North and central Kerala have been worst-hit by the floods, with the international airport in the main city of Kochi shut until at least August 26. The flooding, which officials said was the worst in almost a century, has damaged an estimated 10,000 kilometres of roads, halted rail traffic, disrupted electricity and water supply, and left tens of thousands of residents marooned.

Prime Minister Narendra Modi surveyed the devastation on Saturday and promised state officials more than 5 billion rupees (Dh263 million) in aid. The central government has already sent armed forces units with boats and helicopters to help with rescue and relief efforts.

Mr Modi said 38 helicopters had been deployed for search and rescue operations in the state, which has a population of more than 33 million. "We all pray for the safety and well-being of the people of Kerala," he said in a tweet.

Other states have also pitched in with rescue teams, food supplies and financial assistance, but local politicians said more was needed.

State chief minister Pinarayi Vijayan said in tweet that he had asked Mr Modi for more helicopters and rescuers.

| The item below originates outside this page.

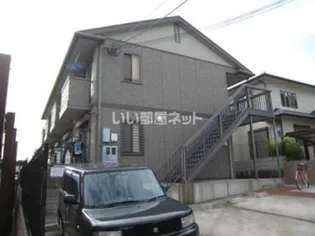 大阪府羽曳野市羽曳が丘1【アパート】の外観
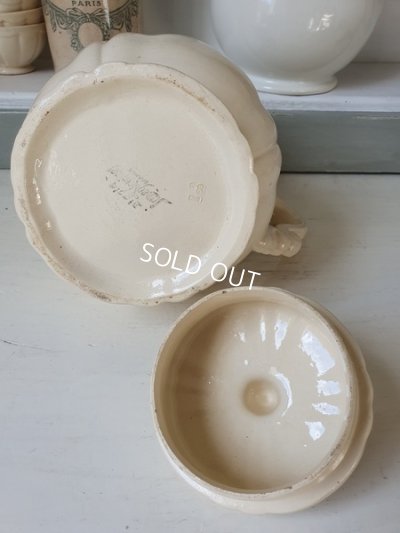 画像8: サルグミンヌ花リムコーヒーポット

A state legislator, Saji Cherian, made a similar plea. "Please ask Modi to give us helicopters, give us helicopters. ... Please, please!" he told a Kerala-based TV news channel.

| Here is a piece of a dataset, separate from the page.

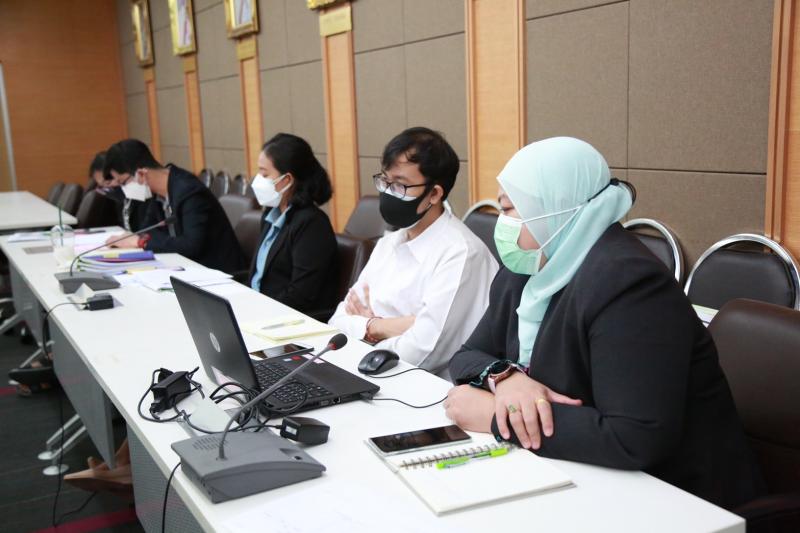 ปลัดพม.เป็นประธาน�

Kerala's disaster management office said on Saturday that at least 194 people had died in flooding since torrential rains began on August 8, and 36 more were missing.

The National Disaster Response Force said it had evacuated more than 10,000 people from flooded areas in its "biggest-ever disaster response operation" since it was formed in 2006.

Kerala has received 41 per cent more rain than normal so far this year, according to Met officials, with the official toll of related deaths at 324. More than 223,000 people have sought shelter in more than 1,500 relief camps, the chief minister's office said.

The rising floodwaters forced Dilara Gafoor and her family to move three times in two days last week.

Mrs Gafoor, 35, thought her home in Aluva, where she lived with her husband and three children, would be safe, as it was during flooding in 2013. In fact, 15 relatives had sought refuge with them by Wednesday morning.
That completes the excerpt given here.